Attackers chain agents

It is no longer just a theory: attackers break down attack phases into distinct agentic workloads and use chains of agents to execute each phase autonomously.

Anthropic’s report on cyber espionage revealed that Chinese malicious actors used AI agents to carry out 80 to 90% of attacks independently. Human intervention was required less than seven times at critical decision points. AI agents, executing thousands of requests per second, significantly reduced the time and human resources needed for an attack.

Additionally, in its 2025 Threat Intelligence Report, Anthropic reveals that AI allows less skilled malicious actors to learn and execute more advanced tactics, techniques, and procedures. Cybercriminals with minimal technical expertise, for example, used Claude to develop and sell several ransomware variants for 345 to 1,029 euros on Internet forums. They relied solely on AI to implement encryption algorithms and evasion techniques.

Thanks to AI, it has never been cheaper for attackers to arm exploits. Agentive AI offers greater autonomy to these attacks, which are on the rise. This trend is expected to lead to a proliferation of attacks targeting companies’ most valuable data.

To counter this threat, attacked companies must respond with equally agentive defense strategies.

Fighting agents with agents

As attackers develop chains of agentic tools, internal red teams and defense teams must also increase their own use of agentive AI. They need AI agents that leverage internal system resources to gain context, then break down defensive tasks into workloads to speed up vulnerability identification and remediation.

For effective execution, these agents must have a deep understanding of the software environment. An infrastructure that provides the right data and context to deployed agents is necessary, such as knowledge graphs that map relationships across source code.

When given access to knowledge graphs, agents can combine company knowledge with historical data on vulnerabilities and known security anti-patterns to help teams prioritize threats based on real attack models rather than theoretical risks.

In addition to prevention, agentive defenses also promote resilience.

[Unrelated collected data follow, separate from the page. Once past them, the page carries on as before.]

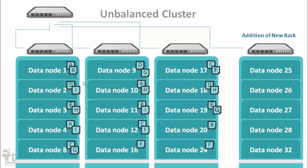Here when we added new rack with new nodes, you can see the cluster is underutilized. Data is not propagated to newly added machine.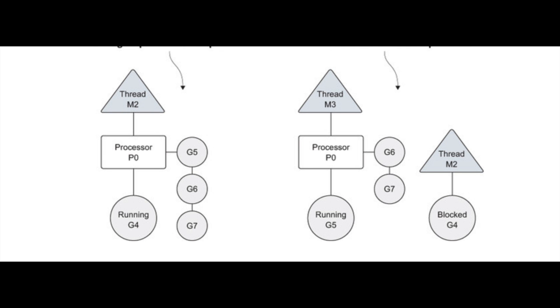Separate threads take care of system calls and networking. So this structure of three levels, that is Go routines, processors, and threads, helps us to achieve the best concurrency and parallelism.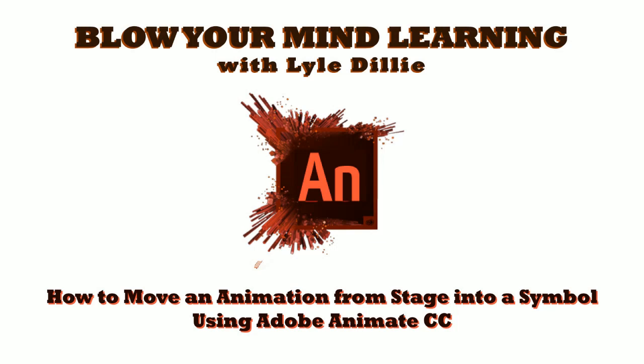Welcome again to Blow Your Mind Learning with Lyle Dilley. Now I'm going to teach you how to move an animation from the stage into a symbol using Adobe Animate Creative Cloud.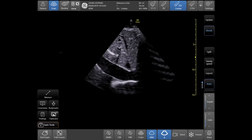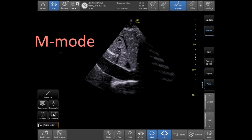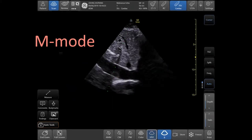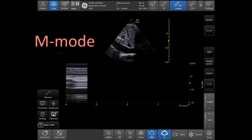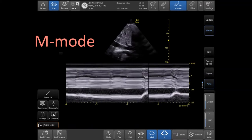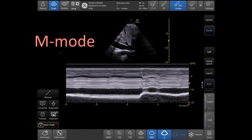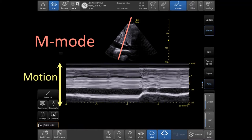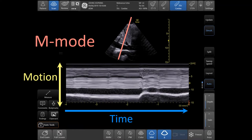M-mode, which stands for motion mode, was one of the first ultrasound modalities developed that allowed ultrasound to be successfully used in medicine. M-mode imaging includes a time scale, whereby reflected echoes displayed along a single line on the vertical axis are placed side by side on the horizontal axis. The vertical axis represents motion of the structures toward and away from the ultrasound probe, and the horizontal axis represents time. M-mode is ideal for the evaluation of motion and timing, especially for subtle or rapid movements.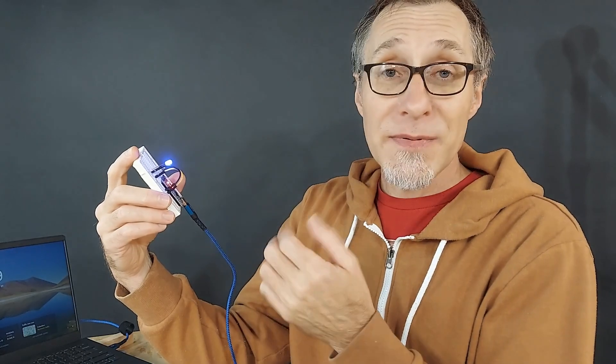That wraps it up for the LED candle tutorial. Leave a comment if you got them. I'll see you next time.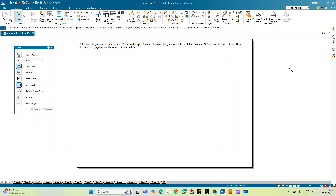Welcome to Mickey Study Circle channel. In this video we shall see how to do the computer drafting of the isometric projection of the combination of solids using the Solid Edge software. We'll take up the problem statement wherein we have a rectangular pyramid of base 40 mm, height 50 mm, and width 25 mm, placed centrally on a cylindrical slab of diameter 100 mm and thickness 30 mm.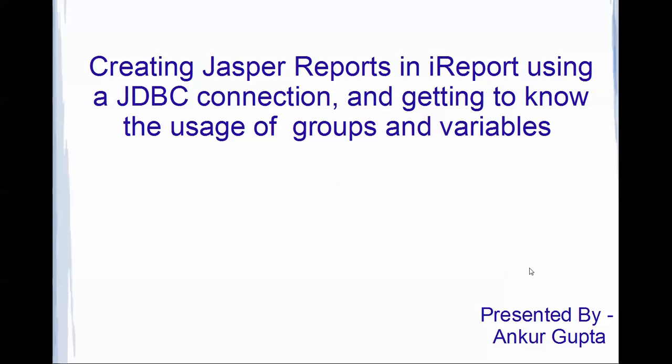Hi, this is Ankur Gupta, and in this video I will be talking about creating a report in iReports using a JDBC connection. Along with this, I will be showing some light upon how groups are made in the reports as well as how the variables are used in Jasper Reports.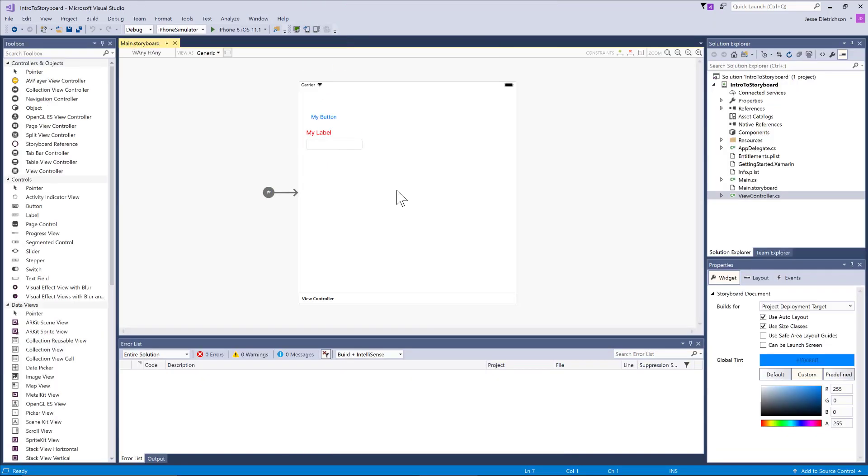Up next, we're going to talk about how we can use constraints so that we can build UIs that look good on all platforms and form factors.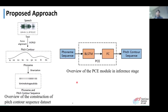Our proposed PCE module uses the Kaldi toolkit to train an ASR system and perform forced alignment for the pitch and text. We then use the WORLD tool to extract pitch-contours for the corresponding phoneme sequence.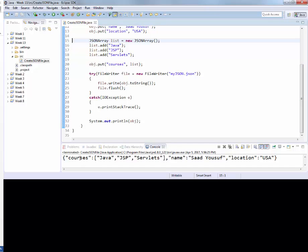As you can see here, courses was the name of the array, which has these three values. That's a name-value array pair. Name and the name of a person, that's another key-value pair. Then the last one is also a key-value pair.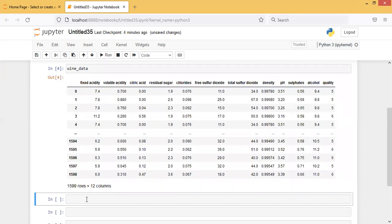The wine data has been imported. The dataset has a total of 1599 rows and 12 columns. If you observe carefully, there is one column called 'quality' — that is the output column, which tells you what the quality of that particular wine is.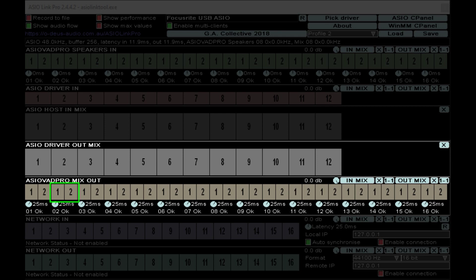ASIO VAD Pro mix out is your official stage for sending your signal from inside of Reaper or Cubase or whatever into another application such as Streamlabs OBS, OBS Studio, and Discord and all that stuff. In this picture, highlighted is mix output number two.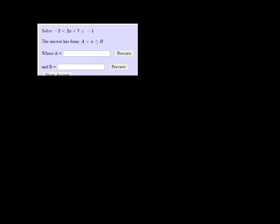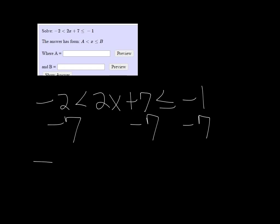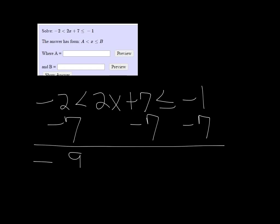We are solving negative 2 is less than 2x plus 7, which is less than or equal to negative 1. We're going to subtract 7 from all three parts, and we get negative 9 is less than 2x, less than or equal to negative 8.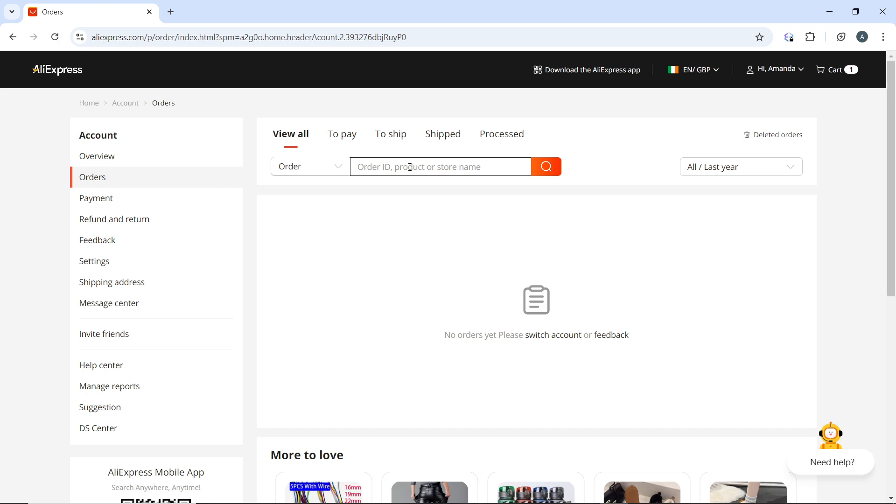For example, DHL, FedEx, etc. You can use an online tracking service if you want to. That's another option.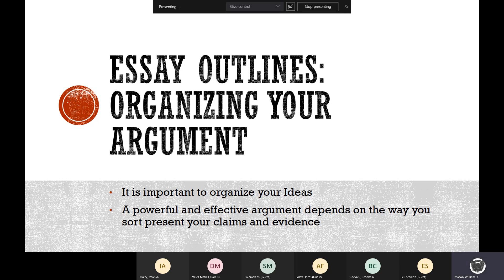When you're writing an essay, you need to make sure that your argument makes sense and that it's logically organized so that your reader — me — is most likely to agree with you, or at the very least can see your point. If I end up agreeing with you, awesome. But if not, at least I can see where you're coming from. That's what you're trying to do — make your point and show that it's worth having. A powerful and effective argument really depends on the way that you sort and present your claims and evidence.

Companies can break tasks down into detection and correction activities within their organization’s runbooks. Agents handle everything from identification to investigation, correction, and post-mortem analysis to reduce downtimes and limit damage.

These use cases illustrate the measures companies can take to strengthen their agentive defenses. The convergence of technical capabilities and processes offers new tools to combat malicious actors and develop defensive operations. Attackers are taking advantage of these tools, so it is now time for companies to follow suit.